SitePoint Sponsor

User Tag List

Results 1 to 14 of 14
  1. #1
    SitePoint Member
    Join Date
    May 2004
    Location
    Montreal, QC, Canada
    Posts
    5
    Mentioned
    0 Post(s)
    Tagged
    0 Thread(s)

    SELECT DISTINCT - return entire row

    I read many of the posts here, but found no answer to the following problem: I have a database with entries like:

    DROP TABLE IF EXISTS junktest;
    CREATE TABLE junktest (
    id int(11) NOT NULL auto_increment,
    name char(200) NOT NULL default '',
    place char(200) NOT NULL default '',
    email char(100) NOT NULL default '',
    ip char(50) NOT NULL default '',
    PRIMARY KEY (id)
    ) TYPE=MyISAM;
    INSERT INTO junktest VALUES
    ('', 'John Doe', 'London, UK', 'jon@hotmail.com', '100.100.100.100'),
    ('', 'Rachel Doe', 'London, UK', 'jon@hotmail.com', '100.100.100.100'),
    ('', 'Jane T.', 'Glasgow, UK', 'jane@server.net', '123.456.789.01'),
    ('', 'John Doe', 'London - UK', 'jon@hotmail.com', '100.100.100.100'),
    ('', 'Peter Noth', 'Toronto, Canada', 'pete@hotmail.com', '101.101.101.101'),
    ('', 'John Doe', 'Washington, US', 'jonnie@whitehouse.org', '103.104.105.106');


    I want to eliminate duplicate entries like the first and the fourth, since they are essentially the same. However, several people can share the same email address, and several people can have the same name. Therefore I want to get only the distinct entries for name, email, and ip. The problem: when I do this

    SELECT DISTINCT name, email, ip FROM junktest

    ...I get

    John Doe jon@hotmail.com 100.100.100.100
    Rachel Doe jon@hotmail.com 100.100.100.100
    Jane T. jane@server.net 123.456.789.01
    Peter Noth pete@hotmail.com 101.101.101.101
    John Doe jonnie@whitehouse.org 103.104.105.106


    but I need the place column as well. Any suggestions? Thanks in advance,

    - thor .
    Last edited by thorvandahl; May 29, 2004 at 13:17.

  2. #2
    SQL Consultant gold trophysilver trophybronze trophy
    r937's Avatar
    Join Date
    Jul 2002
    Location
    Toronto, Canada
    Posts
    39,347
    Mentioned
    63 Post(s)
    Tagged
    3 Thread(s)
    you need the place column as well as what else?

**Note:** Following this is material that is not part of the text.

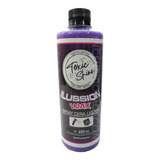 Ilussion Wax Toxic Shine Cera Rapida En Spray 600cc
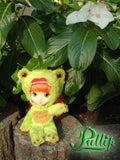 Little Pullip Froggy Doll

    what i think you're saying is you want to identify "duplicates" based on only 3 columns, name, email, ip

    suppose there are two rows with the same values in all three columns

    you want both rows, with all columns?
    rudy.ca | @rudydotca
    Buy my SitePoint book: Simply SQL
    "giving out my real stuffs"

  3. #3
    SitePoint Member
    Join Date
    May 2004
    Location
    Montreal, QC, Canada
    Posts
    5
    Mentioned
    0 Post(s)
    Tagged
    0 Thread(s)
    well, the distinct criteria applies to the three columns namely
    (name, email, ip). the reason is, i admit, a badly designed form which at times entered "London, UK" and others "London - UK" in the "place" column. so something like this
    ('', 'John Doe', 'London, UK', 'jon@hotmail.com', '100.100.100.100'),
    ('', 'John Doe', 'London - UK', 'jon@hotmail.com', '100.100.100.100');

    would be identical. now, when I do
    SELECT DISTINCT name, email, ip FROM junktest
    i get
    John Doe jon@hotmail.com 100.100.100.100
    excellent! but there's no "place" column in the returned query... i would like to get
    John Doe London UK jon@hotmail.com 100.100.100.100
    ...however when i do
    SELECT DISTINCT name, place, email, ip FROM junktest
    i will get
    John Doe London, UK jon@hotmail.com 100.100.100.100
    John Doe London - UK jon@hotmail.com 100.100.100.100

    but i am interested in only one such entry... is there perhaps a wildcard match which could be used on the "place" column?

    thanks again,

    - thor .
    Last edited by thorvandahl; May 29, 2004 at 13:15.

  4. #4
    SQL Consultant gold trophysilver trophybronze trophy
    r937's Avatar
    Join Date
    Jul 2002
    Location
    Toronto, Canada
    Posts
    39,347
    Mentioned
    63 Post(s)
    Tagged
    3 Thread(s)
    "but i am interested in only one such entry"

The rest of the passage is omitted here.